My first reaction on seeing a snake is to get close enough to see what kind it is. The other day I was on the trail and I didn’t have to get too close–the rattler was holding its tail up in a way so that the rattles caught the sunlight and seemed to be glowing. Very cool.

I must have missed that gene. I have always been fascinated by snakes and even as a wee girl wanted to catch them and hold them and keep them. Maybe it’s growing up in Ontario knowing that the only venomous ones are rattlers, so if it’s not making noise, its not going to kill me.

My Mother is not fond of snakes. Not phobic, but definitely does not want anything to do with them. I guess she would have preferred a little less interest on my part.

Snakes I have no fear of (when I was a kid I used to chase and eventually catch Garter Snakes by hand, until I discovered their defense mechanism - which was to poo extremely stinky crap on you, if they can’t get a bite into you).

But I can’t pick up a Dock Spider (or Fishing Spider). We have those at the cottage as well - big suckers, mostly harmless.

Never been afraid of snakes and I encounter them on a regular basis when camping, hiking, and hunting. There are plenty of rattlers where I hunt, so you have to be alert to your surroundings.

I can attest to the power of instinct, though. Once when we arrived at our hunting camp, I went over to the electrical box to flip the switch to power the water pump. When I lifted the cover on the box, which was at about eye-level on a pole, I was faced with about a hundred yellow jackets who were quite displeased with my intrusion. I didn’t have time to make any conscious decision to turn and run, because before I knew what was happening I was already 30 feet away and still gaining speed. It was like somebody else with lightning-quick reflexes had taken over my body.
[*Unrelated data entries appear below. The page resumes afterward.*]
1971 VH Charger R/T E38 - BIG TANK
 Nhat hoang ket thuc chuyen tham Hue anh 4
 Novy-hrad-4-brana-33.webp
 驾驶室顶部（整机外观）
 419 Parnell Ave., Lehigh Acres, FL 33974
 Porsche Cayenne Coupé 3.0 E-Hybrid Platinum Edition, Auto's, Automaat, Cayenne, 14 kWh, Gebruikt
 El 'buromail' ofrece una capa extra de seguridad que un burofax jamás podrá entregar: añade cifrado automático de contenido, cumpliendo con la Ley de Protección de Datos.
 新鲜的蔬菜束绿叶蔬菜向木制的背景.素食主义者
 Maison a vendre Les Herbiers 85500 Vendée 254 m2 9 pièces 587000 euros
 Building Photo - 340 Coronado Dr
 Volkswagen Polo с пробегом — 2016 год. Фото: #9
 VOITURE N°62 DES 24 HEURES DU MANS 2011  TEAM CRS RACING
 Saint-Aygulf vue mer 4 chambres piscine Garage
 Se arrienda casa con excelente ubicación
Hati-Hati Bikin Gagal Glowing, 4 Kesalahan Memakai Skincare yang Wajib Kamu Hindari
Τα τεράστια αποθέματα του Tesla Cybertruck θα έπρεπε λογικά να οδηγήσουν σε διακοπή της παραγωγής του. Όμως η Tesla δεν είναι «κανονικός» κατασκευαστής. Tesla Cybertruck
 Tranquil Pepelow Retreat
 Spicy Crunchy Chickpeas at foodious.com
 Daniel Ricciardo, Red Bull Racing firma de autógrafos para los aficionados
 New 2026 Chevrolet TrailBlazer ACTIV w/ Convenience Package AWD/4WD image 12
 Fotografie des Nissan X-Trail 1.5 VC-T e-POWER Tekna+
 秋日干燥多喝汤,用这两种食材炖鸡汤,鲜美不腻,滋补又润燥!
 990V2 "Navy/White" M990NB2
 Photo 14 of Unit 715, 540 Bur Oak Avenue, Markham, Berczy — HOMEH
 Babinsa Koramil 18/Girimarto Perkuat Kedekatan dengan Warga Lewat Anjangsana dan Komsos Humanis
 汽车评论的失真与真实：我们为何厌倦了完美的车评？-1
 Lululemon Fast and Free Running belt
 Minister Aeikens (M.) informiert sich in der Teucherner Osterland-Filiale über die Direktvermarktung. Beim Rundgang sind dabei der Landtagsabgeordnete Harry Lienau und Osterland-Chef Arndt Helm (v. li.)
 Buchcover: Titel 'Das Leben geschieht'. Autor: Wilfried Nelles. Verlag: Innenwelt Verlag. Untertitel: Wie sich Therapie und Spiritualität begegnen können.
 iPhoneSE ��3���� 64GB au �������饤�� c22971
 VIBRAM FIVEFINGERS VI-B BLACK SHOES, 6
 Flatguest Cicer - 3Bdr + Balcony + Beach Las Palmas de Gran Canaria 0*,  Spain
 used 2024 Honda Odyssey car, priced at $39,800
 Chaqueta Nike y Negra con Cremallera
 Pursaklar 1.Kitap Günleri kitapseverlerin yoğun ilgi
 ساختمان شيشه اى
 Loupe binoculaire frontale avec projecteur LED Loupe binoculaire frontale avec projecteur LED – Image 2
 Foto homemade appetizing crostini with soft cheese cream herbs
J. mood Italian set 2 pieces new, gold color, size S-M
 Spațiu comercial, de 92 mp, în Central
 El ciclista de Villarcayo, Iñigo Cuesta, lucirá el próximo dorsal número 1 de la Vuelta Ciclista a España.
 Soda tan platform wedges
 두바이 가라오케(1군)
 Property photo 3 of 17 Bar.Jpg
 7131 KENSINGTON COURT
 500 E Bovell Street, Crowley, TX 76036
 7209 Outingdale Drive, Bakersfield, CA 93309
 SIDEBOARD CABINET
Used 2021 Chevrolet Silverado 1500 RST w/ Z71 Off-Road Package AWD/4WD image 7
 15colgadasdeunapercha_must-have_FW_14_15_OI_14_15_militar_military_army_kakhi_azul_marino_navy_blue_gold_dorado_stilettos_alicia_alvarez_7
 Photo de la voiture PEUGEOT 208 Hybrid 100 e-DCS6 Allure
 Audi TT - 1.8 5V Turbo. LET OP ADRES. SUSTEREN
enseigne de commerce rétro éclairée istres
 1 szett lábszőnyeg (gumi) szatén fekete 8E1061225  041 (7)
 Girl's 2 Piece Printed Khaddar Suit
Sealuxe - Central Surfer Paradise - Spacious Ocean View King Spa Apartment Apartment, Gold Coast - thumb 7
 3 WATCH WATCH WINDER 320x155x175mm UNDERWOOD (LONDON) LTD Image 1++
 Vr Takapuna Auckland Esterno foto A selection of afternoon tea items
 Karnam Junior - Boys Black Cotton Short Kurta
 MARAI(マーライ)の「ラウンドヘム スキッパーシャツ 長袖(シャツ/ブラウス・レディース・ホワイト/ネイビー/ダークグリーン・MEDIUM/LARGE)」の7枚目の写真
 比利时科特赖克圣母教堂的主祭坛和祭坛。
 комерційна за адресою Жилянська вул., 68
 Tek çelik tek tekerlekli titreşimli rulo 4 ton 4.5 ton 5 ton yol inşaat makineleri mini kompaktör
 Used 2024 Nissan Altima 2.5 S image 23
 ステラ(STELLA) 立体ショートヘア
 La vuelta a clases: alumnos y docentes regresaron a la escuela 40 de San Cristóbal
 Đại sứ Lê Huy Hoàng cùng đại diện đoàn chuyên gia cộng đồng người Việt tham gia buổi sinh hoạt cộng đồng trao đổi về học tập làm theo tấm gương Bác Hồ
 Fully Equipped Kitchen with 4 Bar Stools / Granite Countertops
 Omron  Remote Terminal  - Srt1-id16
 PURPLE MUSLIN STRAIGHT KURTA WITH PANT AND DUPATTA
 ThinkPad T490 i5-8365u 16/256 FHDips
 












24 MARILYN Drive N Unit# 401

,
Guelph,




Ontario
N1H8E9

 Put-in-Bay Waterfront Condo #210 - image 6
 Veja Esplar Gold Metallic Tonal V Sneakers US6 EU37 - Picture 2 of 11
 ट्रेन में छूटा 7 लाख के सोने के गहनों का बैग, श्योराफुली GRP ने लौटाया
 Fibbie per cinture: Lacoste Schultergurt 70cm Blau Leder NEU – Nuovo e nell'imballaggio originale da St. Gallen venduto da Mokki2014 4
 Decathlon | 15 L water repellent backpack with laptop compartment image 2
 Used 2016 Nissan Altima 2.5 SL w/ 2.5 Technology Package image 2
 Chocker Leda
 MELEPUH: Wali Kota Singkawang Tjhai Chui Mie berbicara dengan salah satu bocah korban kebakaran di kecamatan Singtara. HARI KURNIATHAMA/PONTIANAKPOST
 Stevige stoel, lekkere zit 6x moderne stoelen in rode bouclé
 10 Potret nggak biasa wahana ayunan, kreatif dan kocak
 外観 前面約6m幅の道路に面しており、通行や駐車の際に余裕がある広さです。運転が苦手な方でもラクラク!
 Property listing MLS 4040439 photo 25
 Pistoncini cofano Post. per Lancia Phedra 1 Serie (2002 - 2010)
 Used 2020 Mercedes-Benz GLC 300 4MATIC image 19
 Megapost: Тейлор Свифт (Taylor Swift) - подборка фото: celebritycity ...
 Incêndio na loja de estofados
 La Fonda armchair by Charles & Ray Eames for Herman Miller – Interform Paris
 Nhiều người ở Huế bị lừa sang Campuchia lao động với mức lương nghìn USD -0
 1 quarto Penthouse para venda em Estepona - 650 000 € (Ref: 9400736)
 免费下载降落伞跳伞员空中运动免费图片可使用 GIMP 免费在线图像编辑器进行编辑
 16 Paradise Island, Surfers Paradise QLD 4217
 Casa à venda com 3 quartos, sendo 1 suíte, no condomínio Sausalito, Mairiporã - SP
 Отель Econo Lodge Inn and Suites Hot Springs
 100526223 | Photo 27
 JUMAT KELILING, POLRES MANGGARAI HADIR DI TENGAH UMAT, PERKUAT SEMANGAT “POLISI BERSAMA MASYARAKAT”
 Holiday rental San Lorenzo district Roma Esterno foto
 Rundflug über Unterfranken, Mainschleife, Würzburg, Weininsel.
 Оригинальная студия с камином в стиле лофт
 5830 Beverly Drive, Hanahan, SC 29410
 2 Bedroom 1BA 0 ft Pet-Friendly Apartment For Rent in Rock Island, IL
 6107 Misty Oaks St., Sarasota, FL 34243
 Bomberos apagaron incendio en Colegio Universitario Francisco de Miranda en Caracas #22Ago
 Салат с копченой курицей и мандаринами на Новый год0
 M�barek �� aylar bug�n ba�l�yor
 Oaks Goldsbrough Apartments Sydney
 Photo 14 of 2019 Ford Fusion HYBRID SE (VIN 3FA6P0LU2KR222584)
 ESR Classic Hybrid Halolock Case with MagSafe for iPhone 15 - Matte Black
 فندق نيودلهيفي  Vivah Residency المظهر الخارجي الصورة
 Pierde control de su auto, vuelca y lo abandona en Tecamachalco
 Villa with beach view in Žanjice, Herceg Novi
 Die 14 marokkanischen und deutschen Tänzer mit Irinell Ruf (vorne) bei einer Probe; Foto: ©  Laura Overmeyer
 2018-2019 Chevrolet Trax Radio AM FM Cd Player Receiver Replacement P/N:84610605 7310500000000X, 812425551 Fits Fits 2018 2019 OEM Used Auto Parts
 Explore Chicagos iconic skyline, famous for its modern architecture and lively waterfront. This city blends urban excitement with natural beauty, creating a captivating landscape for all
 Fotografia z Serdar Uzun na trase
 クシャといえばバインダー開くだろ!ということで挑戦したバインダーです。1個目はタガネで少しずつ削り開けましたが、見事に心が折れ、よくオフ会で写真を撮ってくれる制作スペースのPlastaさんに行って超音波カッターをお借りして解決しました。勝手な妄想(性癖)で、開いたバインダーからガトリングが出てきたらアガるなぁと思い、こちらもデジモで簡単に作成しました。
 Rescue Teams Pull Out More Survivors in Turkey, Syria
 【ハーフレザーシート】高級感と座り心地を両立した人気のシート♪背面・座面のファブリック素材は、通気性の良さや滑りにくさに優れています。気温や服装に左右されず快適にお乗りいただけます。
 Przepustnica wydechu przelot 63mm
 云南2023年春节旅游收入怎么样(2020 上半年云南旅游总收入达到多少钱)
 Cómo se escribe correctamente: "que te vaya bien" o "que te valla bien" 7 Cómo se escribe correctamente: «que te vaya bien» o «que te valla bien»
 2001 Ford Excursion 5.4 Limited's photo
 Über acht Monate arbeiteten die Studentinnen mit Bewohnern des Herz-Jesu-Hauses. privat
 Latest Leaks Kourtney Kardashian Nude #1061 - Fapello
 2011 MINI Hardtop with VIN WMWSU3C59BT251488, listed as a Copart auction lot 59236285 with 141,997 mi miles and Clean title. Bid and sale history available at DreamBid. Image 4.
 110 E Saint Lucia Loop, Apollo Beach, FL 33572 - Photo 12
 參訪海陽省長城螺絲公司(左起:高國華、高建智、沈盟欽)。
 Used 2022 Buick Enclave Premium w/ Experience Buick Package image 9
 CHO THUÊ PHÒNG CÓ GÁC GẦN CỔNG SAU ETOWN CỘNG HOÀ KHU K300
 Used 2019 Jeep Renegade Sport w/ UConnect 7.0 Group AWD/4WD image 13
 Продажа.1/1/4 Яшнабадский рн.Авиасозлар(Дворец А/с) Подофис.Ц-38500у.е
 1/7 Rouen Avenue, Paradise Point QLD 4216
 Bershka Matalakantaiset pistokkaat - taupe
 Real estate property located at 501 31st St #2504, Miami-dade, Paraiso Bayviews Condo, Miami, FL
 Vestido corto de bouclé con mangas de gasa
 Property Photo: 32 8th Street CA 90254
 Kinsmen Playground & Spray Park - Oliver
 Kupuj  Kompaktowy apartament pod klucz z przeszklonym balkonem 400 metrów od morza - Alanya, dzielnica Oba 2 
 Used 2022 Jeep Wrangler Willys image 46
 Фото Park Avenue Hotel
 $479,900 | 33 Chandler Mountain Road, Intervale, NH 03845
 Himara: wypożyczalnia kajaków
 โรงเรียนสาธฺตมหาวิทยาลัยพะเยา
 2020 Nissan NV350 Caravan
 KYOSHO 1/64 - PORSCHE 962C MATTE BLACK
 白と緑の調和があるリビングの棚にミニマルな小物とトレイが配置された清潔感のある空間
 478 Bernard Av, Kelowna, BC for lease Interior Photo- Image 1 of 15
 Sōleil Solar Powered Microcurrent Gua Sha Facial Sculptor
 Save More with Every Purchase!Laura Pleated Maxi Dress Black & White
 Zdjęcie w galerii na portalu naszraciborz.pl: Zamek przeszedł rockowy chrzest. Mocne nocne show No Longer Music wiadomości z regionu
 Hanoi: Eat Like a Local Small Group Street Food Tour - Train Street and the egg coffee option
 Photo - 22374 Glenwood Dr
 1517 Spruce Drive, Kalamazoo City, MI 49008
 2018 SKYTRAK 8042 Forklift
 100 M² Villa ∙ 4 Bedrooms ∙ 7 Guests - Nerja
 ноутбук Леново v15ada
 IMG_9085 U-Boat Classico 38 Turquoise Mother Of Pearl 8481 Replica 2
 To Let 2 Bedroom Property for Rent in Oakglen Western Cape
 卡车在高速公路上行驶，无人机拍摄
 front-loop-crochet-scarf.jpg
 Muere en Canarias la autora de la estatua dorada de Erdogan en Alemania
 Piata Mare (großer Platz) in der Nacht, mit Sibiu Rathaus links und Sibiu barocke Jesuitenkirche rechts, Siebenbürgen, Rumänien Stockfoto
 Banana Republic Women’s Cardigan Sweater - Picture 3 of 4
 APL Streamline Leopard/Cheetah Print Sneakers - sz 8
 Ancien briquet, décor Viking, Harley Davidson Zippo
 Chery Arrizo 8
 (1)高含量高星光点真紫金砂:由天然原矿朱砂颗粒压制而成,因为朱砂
A strange feeling.

I have milk snakes living in the foundation of my house and in the spring, I’ll open the bulkhead to get to the cellar and will often find them stretched out in the warmth under the hot metal doors. I usually give a bit of a jump when I first notice them – then I go get the camera.

Last spring, I was weeding the perennial garden near the foundation and actually grabbed a large milk snake that had curled up in a ball in the grass. We were both pretty startled and he slithered off in a tiff.

They’re good neighbors – keep the crickets and (hopefully the mice) down to a reasonable number.

I have a terrible, TERRIBLE snake phobia – so bad I generally can’t look at pictures. But I don’t want to kill them. Just…make them go away. Toss 'em in the woods, run screaming, etc. But unless they’re actually harming someone, don’t kill them.

(And my parents aren’t generally afraid of snakes. My grandmother was, but she didn’t freak out. So…it had nothing to do with picking up on someone’s behavior)

What’s the big deal with the spider? It’s not scaly and slithery. Spiders are cool. Snakes on the other hand…Personally, I blame Conan Doyle for my phobia. Either that or it’s a Freudian thing.

Count me in with those who missed the primal snake-fearing gene. I mean, I know intellectually not to fuck with them, but when I see one my gut reaction is “Cool!”*

*OK, that’s assuming that the snake is just hanging out at a safe distance. If I saw something like a king cobra standing up with its hood flared out, hissing and actively threatening me, then I might be just a little scared. Of course that’s never happened.